霸王的身上,龍氣涌動而出,裹挾著這完整的金龍璽印。
其上的金龍仿佛要活過來似的。
可終究…還是恢復了平靜。
“不行么?”
霸王拆分開了璽印,蹙眉。
是因為,另一枚璽印…不屬于他的緣故么?
霸王若有所思。
“王上…”
許楚在一旁,躬著身,臉上的表情有些糾結,心中有話,不知道當不當講。
“北玄王此人…能屈能伸,絕非尋常之輩,王上需小心此人。”
許楚道。
“臣覺得,最好能趁著大玄國尚未出現強大力量前…滅之。”
許楚認真道。
他真的很認真,也很嚴肅。
他是真的有些怕了澹臺玄。
如果是自己的君主,許楚會很開心,可是…卻是敵方的君主,那便猶如纏繞心頭的夢魘,讓人寢食難安。

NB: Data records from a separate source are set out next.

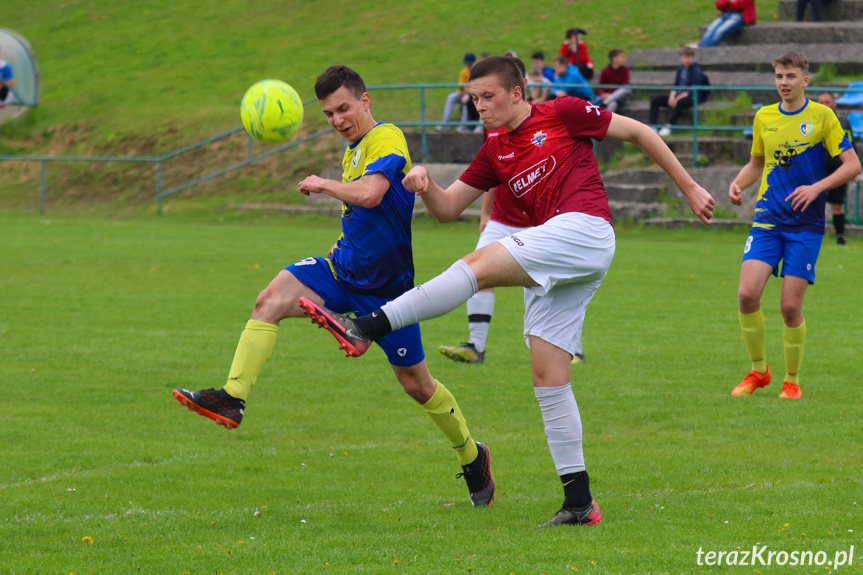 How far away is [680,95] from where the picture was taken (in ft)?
76.4

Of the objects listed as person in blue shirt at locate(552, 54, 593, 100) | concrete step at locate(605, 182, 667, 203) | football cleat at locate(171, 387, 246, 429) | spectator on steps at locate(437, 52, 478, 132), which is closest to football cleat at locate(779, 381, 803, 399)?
football cleat at locate(171, 387, 246, 429)

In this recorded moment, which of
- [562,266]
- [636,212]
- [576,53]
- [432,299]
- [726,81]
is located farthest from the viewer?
[726,81]

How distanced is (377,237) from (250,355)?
2.97 ft

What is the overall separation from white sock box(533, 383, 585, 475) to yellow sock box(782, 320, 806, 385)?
3.73 m

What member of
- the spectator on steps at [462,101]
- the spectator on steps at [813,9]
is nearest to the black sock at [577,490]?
the spectator on steps at [462,101]

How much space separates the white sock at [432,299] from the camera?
185 inches

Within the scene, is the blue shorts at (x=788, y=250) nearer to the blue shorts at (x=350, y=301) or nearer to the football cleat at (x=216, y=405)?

霸王握著手中的金龍璽印,目光閃爍,許楚的話讓他很心動。
不過,他盯著金龍璽印,卻還是搖了搖頭。
這金龍璽印出現的太古怪了,這背后,是否有人在操控?
若是他真的出手覆滅大玄國的大軍,這搞出金龍璽印之人,會出手么?
雖然看上去,霸王要殺澹臺玄很容易,要覆滅大玄也很輕松。
可實際上,并沒有那么簡單。
而且…
還有唐顯生。
南郡唐顯生,支持大玄國,若是南郡加上大玄,霸王還真的得忌憚幾分。
南郡雖然未自立為國,但是與一方國度沒有多大的差別。
特別是,南郡的戰斗力,其實并不弱,因為南郡有唐一墨。
原本霸王以為,占據了帝京,各大世家會紛紛依附,然而…
各郡的各大世家豪強,仍舊以觀望的態度,在看待著大玄和西涼。
風雪在吹拂,鵝毛般的大雪,飄飄搖搖。
霸王握著兩枚金龍璽印,遙望天穹。
大周雖然覆滅,但是…這天下的爭鋒,卻是越發的暗潮涌動。
帝京伐周之戰落幕的消息,很快便傳到了南郡。
當然,除了這消息。
同樣引人注目的,還有白玉京的消息,試煉塔…可以幫助人突破桎梏的機緣之地?
江湖中不少修行人都愣住了。
相比于廟堂之爭,修行人江湖更在意的還是與修行有關的事情。
白玉京顯然是權威,而白玉京如今推出的試煉塔,似乎有些非同一般。
唐一墨端坐在大堂中。
司馬青衫背著書箱,他的身后,跟著他撿來的便宜女徒弟,安妙語。
“青衫兄?你這是要離去了?”
唐一墨看到背著書箱的司馬青衫,不由一怔,趕忙起身,道。
司馬青衫一笑:“天下無不散之筵席,在下也該繼續游歷天下了,正如白玉京陸少主所說,畫道…主要是感悟,走遍天下,觀萬物方可繪萬物。”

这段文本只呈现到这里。